Wyspiańskiemu marzyła się wielka narracja na miarę "Dziadów". Misterium w noc Zmartwychwstania, które przeistacza Wzgórze Wawelskie w centrum wszechświata, cywilizacyjną sumę, ale też kulturową nekropolię. Ten teatralny kolos miał stać na dwóch nogach: antyczno- biblijnej ("Illiada" i "Księga Rodzaju") oraz narodowej. Nie trzeba seminariów u prof. Miodońskiej- Brookes, aby stwierdzić, iż Twarkowski obie kończyny połamał. W jego sztuce imiona antycznych bohaterów są tylko loginami wirtualnej rzeczywistości. Z kolei mesjanistyczne wątki ograniczają się do nie mniej pustych gestów, np. damskiego "cat fight" Racheli i Lei o pierwszeństwo bycia "macią" narodu.

Wspomniany solipsyzm, o który rozbija się "Akropolis", to ontologia w wersji pop. Matrixowa symulacja bytów, które albo błądzą w całkowitej ciemności albo przeprowadzają improduktywne konwersacje. Parys (Bogdan Brzyski) próbuje nadaremnie zrozumieć swoje przeznaczenie i jednocześnie je przezwyciężyć, Hekuba (Iwona Budner) zanosi się diabolicznym śmiechem, a Hektor (Paweł Kruszelnicki) odstawia triumfalny taniec, jakby ćwiczył przed Playstation. Nic tu nie wydaje się weryfikowalne. Bohaterów ciągle śledzą kamery, bo to przestrzeń totalnego voyeryzmu. Tu wszystko robi się na pokaz.
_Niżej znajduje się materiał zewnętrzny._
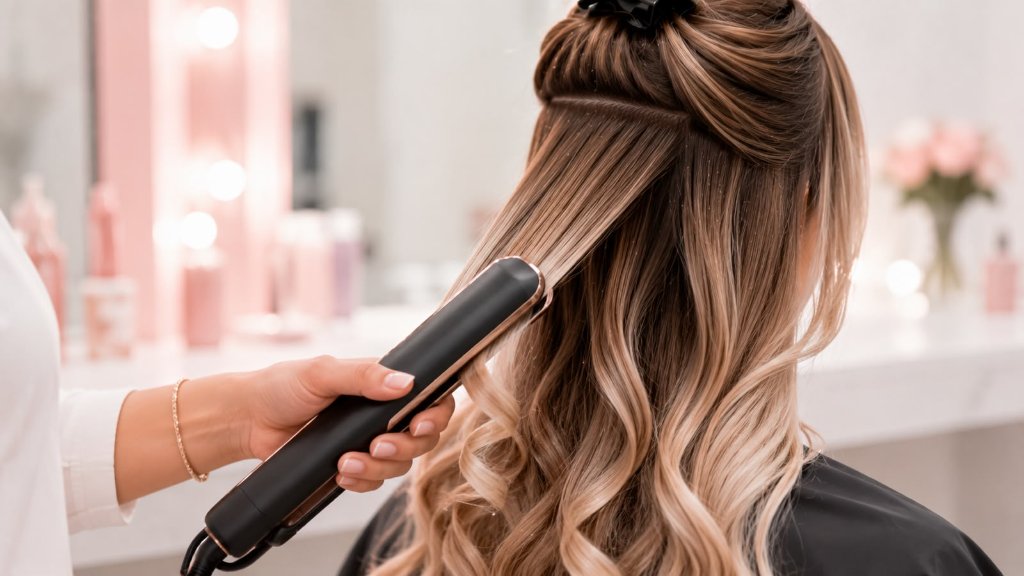 Hair Straightening & Curling Using Straighteners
Stąd np. scena beznamiętnego spółkowania Parysa z Heleną, bez końca wyświetlana nad sceną. Pseudo- porno dla ubogich, jakich pełno w internecie.
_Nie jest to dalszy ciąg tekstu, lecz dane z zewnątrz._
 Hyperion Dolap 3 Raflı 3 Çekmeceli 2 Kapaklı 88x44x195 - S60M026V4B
Obracając Wyspiańskiego w wirtualną ruinę, Twarkowski osiąga u widza poczucie całkowitego braku zaczepienia. Za co się złapać? Za który ze sznurków opowieści pociągnąć? Co tu się w ogóle dzieje?! To atak paniki tożsamy z lekturą pierwowzoru - mocno przecież zagmatwanego, choć inaczej zapośredniczony. U Wyspiańskiego są bogate odwołania kulturowe, ściganie się z wieszczami, osobista filozofia dziejowa. Jest baza wiedzy nie do przeskoczenia i poezja nie do ogarnięcia. U Twarkowskiego tymczasem zachodzi proces żmudnej kompresji danych. Mający zaoszczędzić jak najwięcej miejsca w pamięci. Nicość zostaje przykryta operacjami obliczeniowymi.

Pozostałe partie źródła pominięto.